I'm in between. I'm one of those people who will look at certain relationships and what people say and how they act with each other and think how naive they are (that only really applies to certain ones, of course). But I'm also one of those people who will look at every relationship and be happy just because I love love, and I think any form is adorable in its own way. So, I'm in between. I'm a snob and a romantic all in one.
But the snob part of me is what's writing this post. It's no secret that people are dating really young nowadays, and not only that, but people my age have already had fifteen relationships. Fifteen relationships at the age of seventeen. That's just terrible. It's because a lot of them started dating around the third grade. I didn't have my first boyfriend until I was fourteen. I didn't have my first kiss until I was fifteen. Now I'm seventeen, and I'm still a virgin. And this annoys me a lot, but it's still not the point as to why I'm writing this.
Basically, it's normal in today's society for the typical teenage relationship to last no longer than 2-3 months, if even. There are always exceptions, of course (like myself!), but that's the typical. I don't even get bothered when a couple thinks they're in love when they're not or anything like that. What bothers me is that, in most cases, it's only a crush, or that they just like each other, infatuation, etc. Small stuff like that. Which is fine, of course. Then, when they break up after three weeks of dating, they don't even make an effort to be friends or anything. And it's understandable. Know why? Because the relationship didn't matter. It was a fling, just there for experience.
And here's my point.
Girl meets boy. Girl crushes on boy, boy crushes on girl. Boy asks girl out, girl says yes. Girl and boy spend every day together. Boy is nice to girl and girl is nice to boy. Girl sees boy every morning before school and every afternoon afterward. Boy asks girl to hang out every night. Boy and girl get sick of each other when the crush fades after a month and a half, and leave each other without a trace.

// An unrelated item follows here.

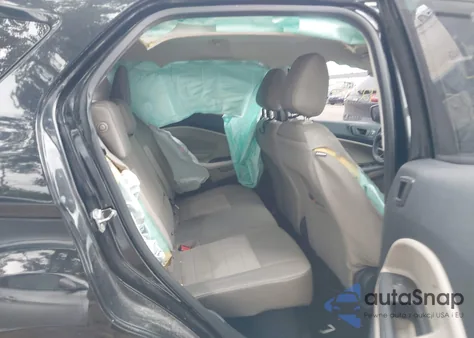 2019 Ford Ecosport S from USA, damaged, VIN MAJ3S2FE2KC271431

That's stuff that a lot of people go through at some point, but it bothers me so badly, but only one part of it. The part where they spend every day together. The part where she sees him every morning and afternoon, and he picks her up to be with her every night. The part where they spend every minute together. The part where they take this ability for granted, And yet, it's only a crush.
I love you. I love you. We haven't been together for a month and a half. We've been together for a year and three months (actually, a little more). We didn't get together simply by asking each other out. We mutually wanted to be together and decided on it. We aren't perfectly happy-go-lucky all the time. We've had fights and break-ups but have always come back to each other in the end. We've never gotten sick of each other. We're more than just nice to each other. Like me. I made a blog listing every reason why I love you, and it's still going. I'm still going on and on until I reach 1,221 reasons why I love you. I send you love letters and drawings in the mail all the time. I leave you notes for you to see when I leave to make it easier on you. And you. You've woken me up at five in the morning despite that you weren't feeling good and were dead tired, simply because it was raining and you knew I've always wanted to kiss in the rain. You've written me a love letter too, just like I have written for you, only so much longer than any of mine have been. You've danced with me to our song in the morning when we were only in our pajamas. We're more than just nice to each other like the boy and the girl. But the biggest difference we have is that they had a crush, while we are in love.
And this is the part that frustrates me.
Through the simplicity and unimportant relationship of the boy and the girl, whose feelings will fade in a month and a half, they still have something that I can only dream of and wish for every night; each other. They have each other, every day. They can see each other whenever they want to. So much, that they sometimes choose not to, because they don't love each other to even want to see each other all the time.
But we can only see each other once every long while. Sometimes it's three weeks. Sometimes it's three months. Sometimes it's even half a year. Even so, I don't understand why a relationship that is only there for experience has the gift of seeing each other every day but we don't. We have to fight and suffer with the loneliness, the waiting, and the constant missing while not being able to do anything about it at all. Is it because we can? Is it because we can go through all that emptiness and still know it's worth it? Or, is it just by chance that we got the painful end, and they got the easy one?